There's a mix of malaise and desperation felt among many in the Nashville songwriting community, both professional and amateur, resulting from many of the songs that we are hearing.

Songs have become products positioned to sell other products through the medium of advertising. Although this is nothing new, these "song-products" have become more and more "refined" in order to meet the needs of the marketplace and to adhere to the following requirements:

-overly-simplistic messages

-mostly adolescent themes

-one level of meaning

-information over communication

This is not the language of art, of craft, of human relations even, but, rather, the language of marketing and commerce.

"Writing with the artist", in most cases, has greatly diminished the quality of our craft. Of course, some singers and performers have always been gifted writers, but regardless of talent, this is becoming more and more the way to get a song cut. In the short term, the song suffers; in the end, the profession does.


The special place that Nashville holds as "The Songwriting Capital of the World" will be lost.

A Declaration of Principles and Intentions

-We admit that we've lost our way, traveled too far down the wrong road, and that, sometimes, it's best to stop and turn around, go back to things we know to be true and get our bearings before proceeding again.
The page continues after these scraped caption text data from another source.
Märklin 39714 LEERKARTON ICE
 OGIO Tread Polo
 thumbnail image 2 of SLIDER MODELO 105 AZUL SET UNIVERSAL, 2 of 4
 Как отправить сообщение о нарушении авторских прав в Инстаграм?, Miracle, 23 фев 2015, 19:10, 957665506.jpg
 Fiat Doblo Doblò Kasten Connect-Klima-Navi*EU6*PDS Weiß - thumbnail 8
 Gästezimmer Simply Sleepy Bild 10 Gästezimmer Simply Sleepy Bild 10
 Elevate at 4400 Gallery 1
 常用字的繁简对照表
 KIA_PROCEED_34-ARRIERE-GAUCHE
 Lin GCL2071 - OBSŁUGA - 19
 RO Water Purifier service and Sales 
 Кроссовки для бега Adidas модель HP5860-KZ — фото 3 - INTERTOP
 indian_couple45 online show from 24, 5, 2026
-We acknowledge that creative requirements based on the limitations of the marketplace are a fallacy. These limitations devalue our skill and power as songwriters.

-We will serve the art form first, and not an industry, and by trusting in our talent, we will "Make the need felt which only we can supply, and create the taste by which we shall be enjoyed."

-We will earn the right to discern between good and not so good by educating ourselves with the best that has come before us, and admit that there does exist a hierarchy of quality, and that popularity does not automatically mean good works.

-We will experiment with new forms and diverse themes.

-We will not limit ourselves to a restricted harmonic vocabulary.

-We will not be afraid to challenge our listeners through the use of figurative language or any other device from our literary tradition.


A group of songwriters, performers, and educators whose mission is the preservation and further development of artistic practices that are the acknowledged benchmarks of excellence in musical craft. We believe:

-As artists, we have a responsibility to our craft, our audience, and our inherited tradition.

-If we're not being the best that we can be, what's the point?

-Songwriting is an art form, and as such, capable of being judged by artistic standards.

-The knowledge of something doesn't make it less beautiful.

-Commercial success is still a good thing.

-"Free" music doesn't empower one to judge, so "It's all good."

-"It's all good" means "It doesn't matter", and we think it does.

-Good songs are good enough to make other songs better.

-Adults need music, too.

-It takes a whole village to raise a great song.

-One musician (or programmer) doing all the work is not as cool.

-Rubato is not dead.

-The 3 1/2 minute song convention is dispensable.

-The essential trait of an artist is humility.

"Through the personal rediscovery of the Great, we need not be the passive victims of what we call 'circumstances'. By linking ourselves with the Great we can become freer- freer to be ourselves, to be what we most want and value."
-W. J. Bate

"Everyone of the great revolutionists have been optimists. They have been indignant, not about the badness of existence, but about the slowness of men in realizing its goodness."